*** INPUT DATA

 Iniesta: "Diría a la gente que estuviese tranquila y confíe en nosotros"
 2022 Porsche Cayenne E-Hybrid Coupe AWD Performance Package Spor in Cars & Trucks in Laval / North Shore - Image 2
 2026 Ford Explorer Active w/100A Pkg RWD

******
*** INPUT DATA

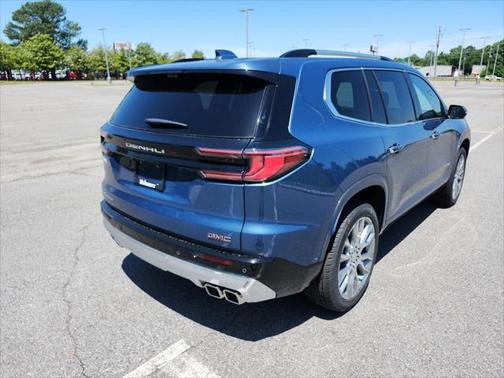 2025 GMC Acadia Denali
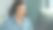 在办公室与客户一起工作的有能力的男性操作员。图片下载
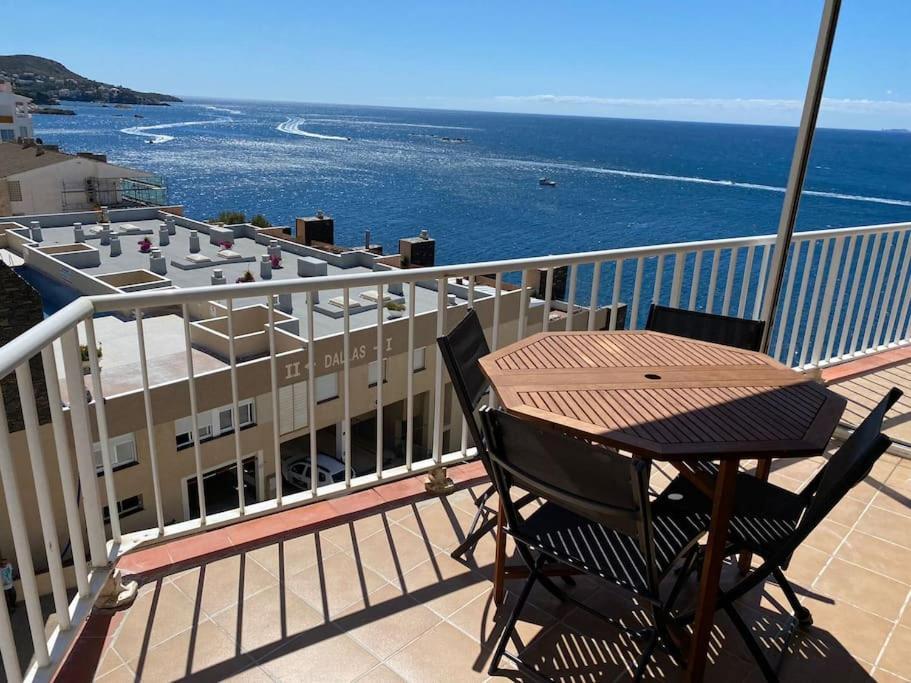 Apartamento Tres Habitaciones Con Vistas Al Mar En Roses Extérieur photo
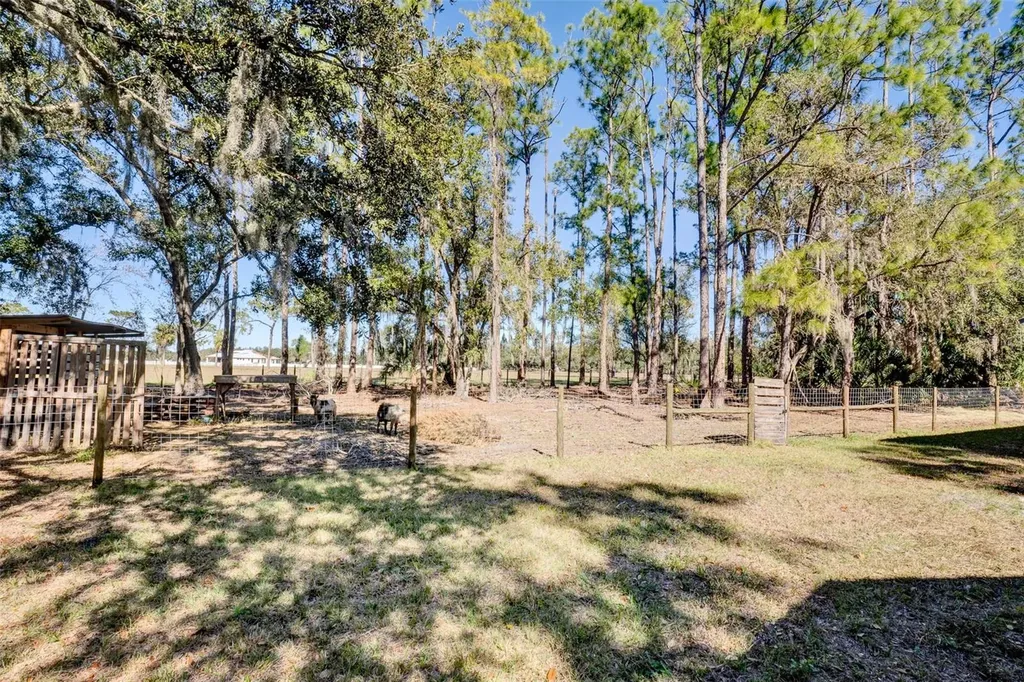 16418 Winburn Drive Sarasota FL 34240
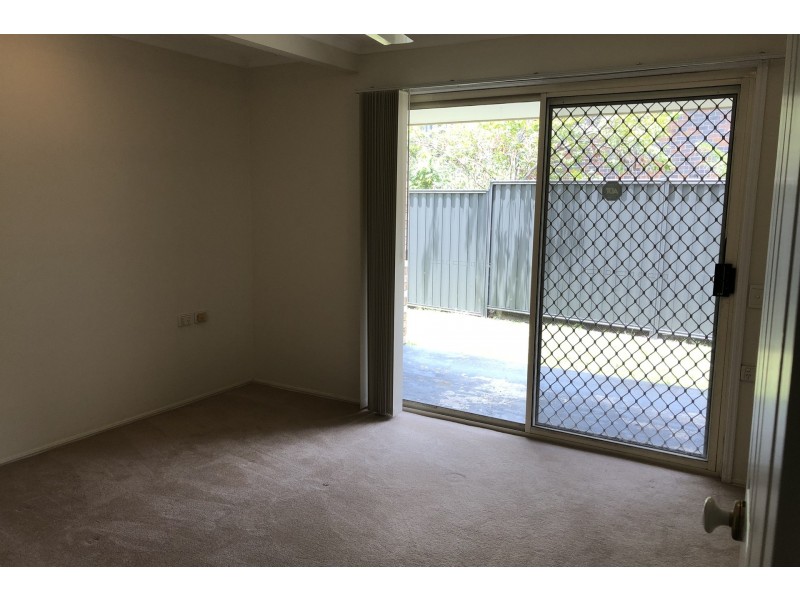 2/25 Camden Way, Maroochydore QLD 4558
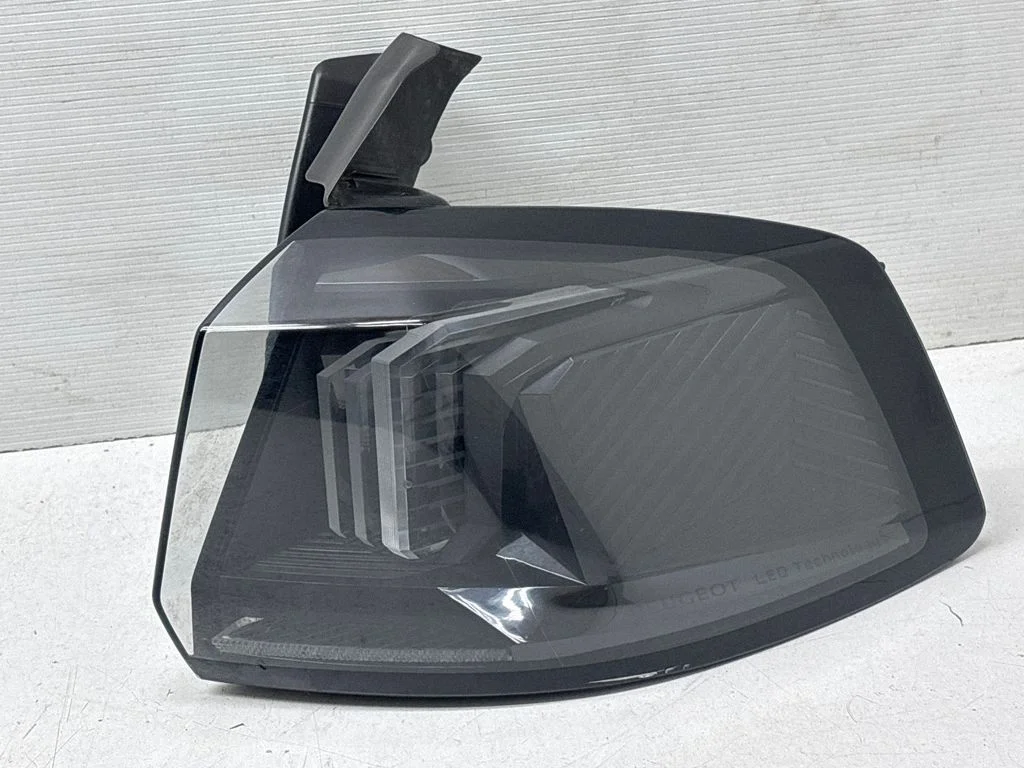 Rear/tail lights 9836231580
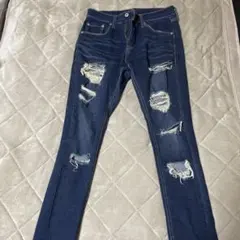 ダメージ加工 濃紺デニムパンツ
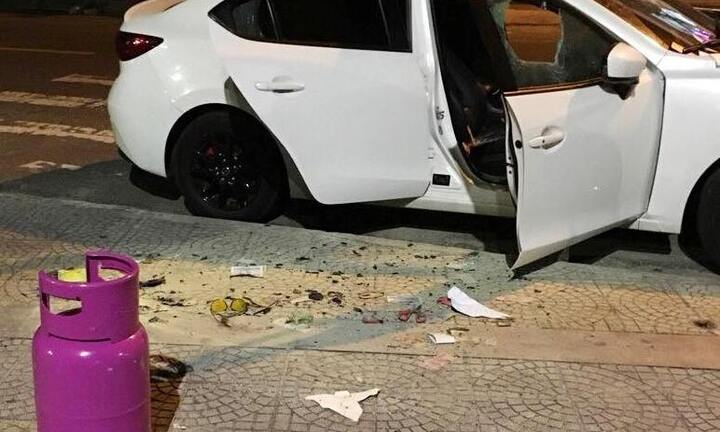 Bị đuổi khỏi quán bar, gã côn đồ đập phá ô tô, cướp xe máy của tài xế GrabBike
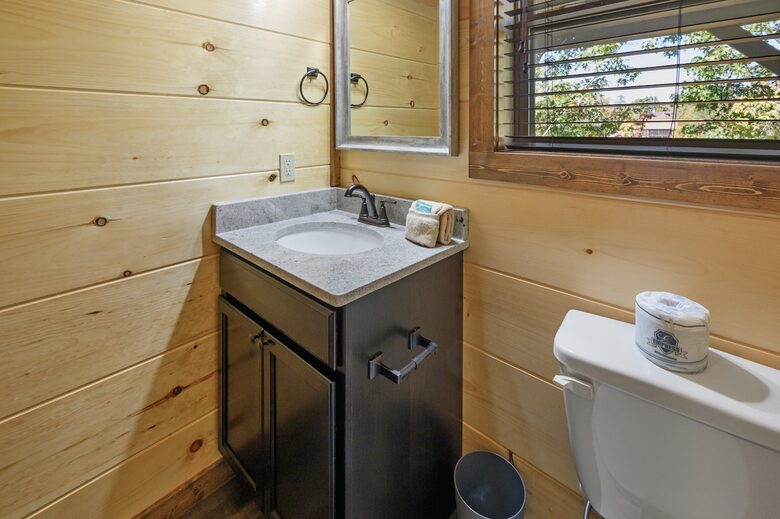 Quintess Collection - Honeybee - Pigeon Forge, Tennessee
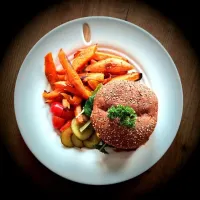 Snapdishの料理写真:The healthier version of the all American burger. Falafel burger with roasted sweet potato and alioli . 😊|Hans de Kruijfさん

******

WHAT YOU ARE ASKED TO DO = Pictures aside, print exactly the lines above starting with the one containing "ダメージ加工 濃紺デニムパンツ" and going on through the one containing "Snapdishの料理写真:The healthier version".

OUTPUT OF THE EXERCISE =
 ダメージ加工 濃紺デニムパンツ
 Bị đuổi khỏi quán bar, gã côn đồ đập phá ô tô, cướp xe máy của tài xế GrabBike
 Quintess Collection - Honeybee - Pigeon Forge, Tennessee
 Snapdishの料理写真:The healthier version of the all American burger. Falafel burger with roasted sweet potato and alioli . 😊|Hans de Kruijfさん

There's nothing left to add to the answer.